Jean-Marc de Watrigant : « S’il y avait la guerre à cheval comme autrefois, je monterais Tidjani ! »
Ayant hissé le haras de Mandore au sommet de l’excellence, Jean-Marc de Watrigant fait partie des éleveurs, entraîneurs et propriétaires qui ont le plus compté sur l’odyssée du pur-sang arabe de course. Voici son histoire en dix chevaux.Â
Alors qu’il fête avec son personnel la réussite des dernières ventes Arqana de pur-sang arabes où Khalab (Manark) a réalisé le top price, Jean-Marc de Watrigant souligne une nouvelle fois « qu’on ne réussit pas tout seul » et que « c’est un accident qui m’a amené à l’élevage. J’étais paraplégique à 22 ans et on m’avait dit qu’à 30 ans, je serais mort. À 85 ans, je suis toujours là , donc la science s’est trompée. C’est cela qui m’a fait prendre la décision d’élever des chevaux et grâce à ces derniers, j’ai découvert que l’homme était peu de chose. » La réussite du haras de Mandore, dès les années 1980, est omniprésente chez les pur-sang arabes. « Quatre-vingt-dix pour cent des reproducteurs dans le monde ont du sang de chez nous et beaucoup sont issus de juments nées ici. Ces souches étaient exceptionnelles. Il faut être humble. Celui qui se croit fort est un imbécile heureux. Je ne le suis pas ou alors je suis un imbécile tout seul (rires). » Et il résume, « l’élevage, c’est du travail mais ce sont les chevaux qui m’ont amené là où je suis aujourd’hui et pas l’inverse. »

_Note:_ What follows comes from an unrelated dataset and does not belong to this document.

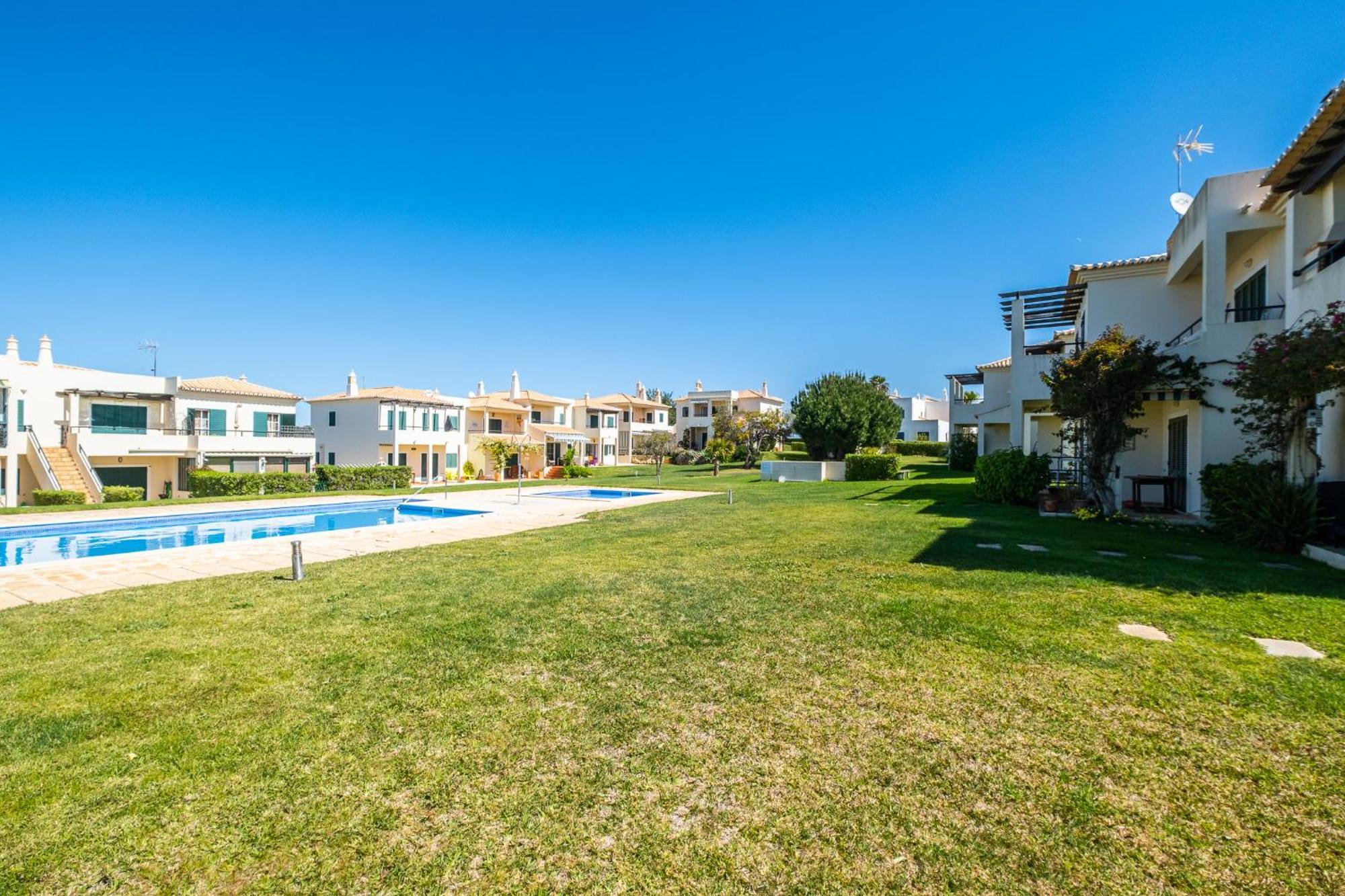A Vilita Beach Apartment Пера Экстерьер фото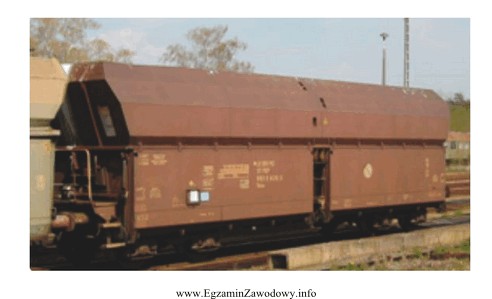 Na zdjęciu przedstawiony jest wagon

Manganate (Saint Laurent) – « Il était exceptionnel et m’en a donné d’autres très bons, comme Dormane. Ce n’est que bien plus tard que j’ai réalisé que le meilleur cheval que j’ai fait naître au cours de ma carrière, c’était lui, le premier : “Aux innocents les mains pleines” ».
Managhi (Saint Laurent) – « La sœur de Manganate a été une très bonne jument, qui n’avait trouvé que le bon Kesberoy(Saint Laurent) pour la battre. Elle a fait Cherifa (Chéri Bibi), une super jument, ainsi que Benji (Chéri Bibi), qui a été étalon mais est mort ensuite très vite. »
Dormane (Manganate) – « Un super cheval. Dormane était très dur, même si fragile dans ses articulations. Il a couru et a gagné très facilement à Kempton Park en 1988, avec Éric Hoyeau en selle. Quand il a mis pied à terre, il m’a demandé si je ne m’étais pas trompé de cheval. Je lui ai demandé pourquoi et il m’a répondu : « Celui-là peut courir l’Arc. Au poteau, j’allais deux fois plus vite qu’eux. » Madame Val Bunting a dit qu’elle avait changé l’optique de son élevage en le voyant ce jour-là . Elle avait été impressionnée. Son propre frère, Majdel, a gagné pour le cheikh Mohammed Al Maktoum sur l’hippodrome de Varsovie. Le directeur des haras polonais m’avait félicité ce jour-là pour la beauté de mon cheval. C’est alors que j’ai compris qu’en Pologne, ils ne gardaient que les chevaux qui correspondaient à un certain type. S’ils avaient gagné en course, c’était un plus, mais pas fondamental. En France, on ne garde que ceux qui vont vite. »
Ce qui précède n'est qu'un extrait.